→ Description of the task
Where the data below shows a picture, leave that picture out and copy the rest exactly.

→ Provided data
Segment Open

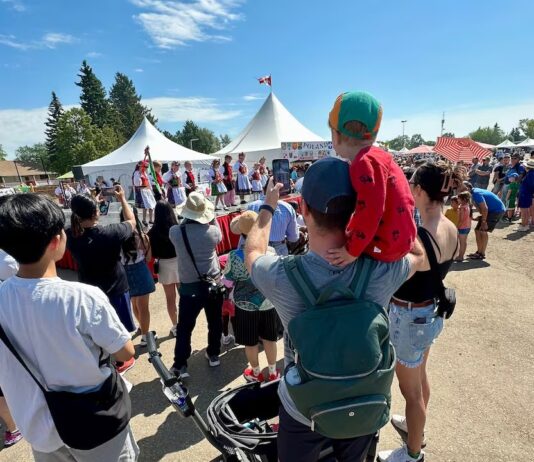 愛民頓 Heritage Festival 在 Hawrelak Park 的活動場面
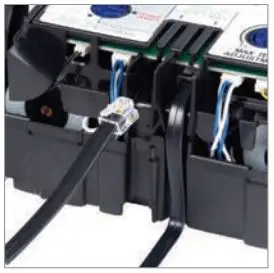 AQUALISA RS.A1.EV.18 Rise Digital Diverter Installation Guide - Plug one end of the 2m data cable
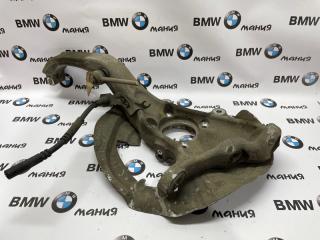 Поворотный кулак правый передний правый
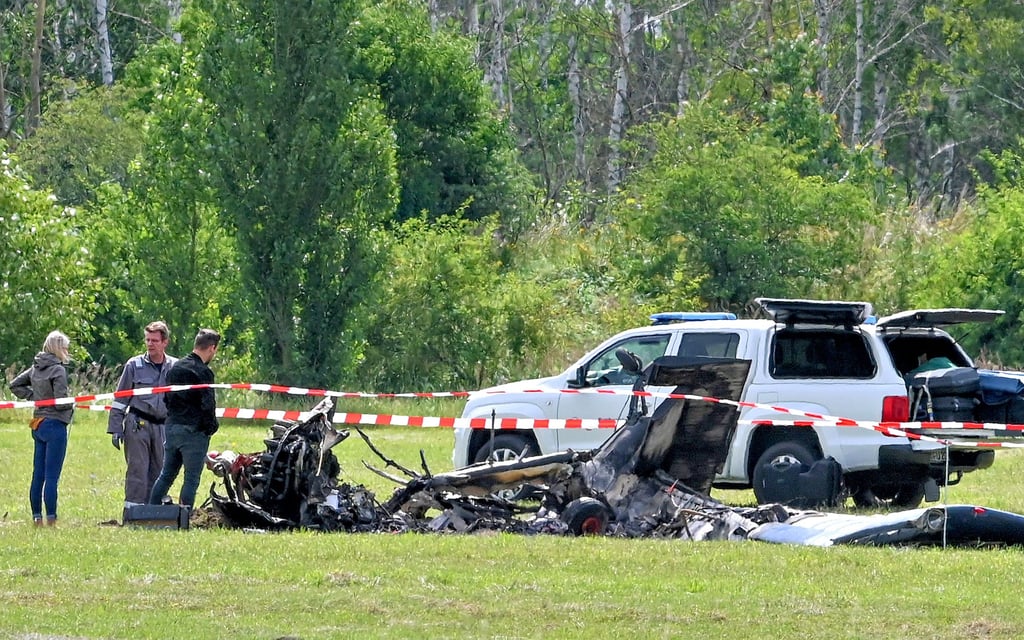 Kriminalisten der Polizeiinspektion Dessau und Experten der Bundesstelle für Flugunfalluntersuchung suchen gemeinsam nach der Ursache des Absturzes. Die einmotorige Maschine polnischer Bauart brannte auf dem Flugfeld völlig aus.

Segment Closed

→ Written response
 愛民頓 Heritage Festival 在 Hawrelak Park 的活動場面
 AQUALISA RS.A1.EV.18 Rise Digital Diverter Installation Guide - Plug one end of the 2m data cable
 Поворотный кулак правый передний правый
 Kriminalisten der Polizeiinspektion Dessau und Experten der Bundesstelle für Flugunfalluntersuchung suchen gemeinsam nach der Ursache des Absturzes. Die einmotorige Maschine polnischer Bauart brannte auf dem Flugfeld völlig aus.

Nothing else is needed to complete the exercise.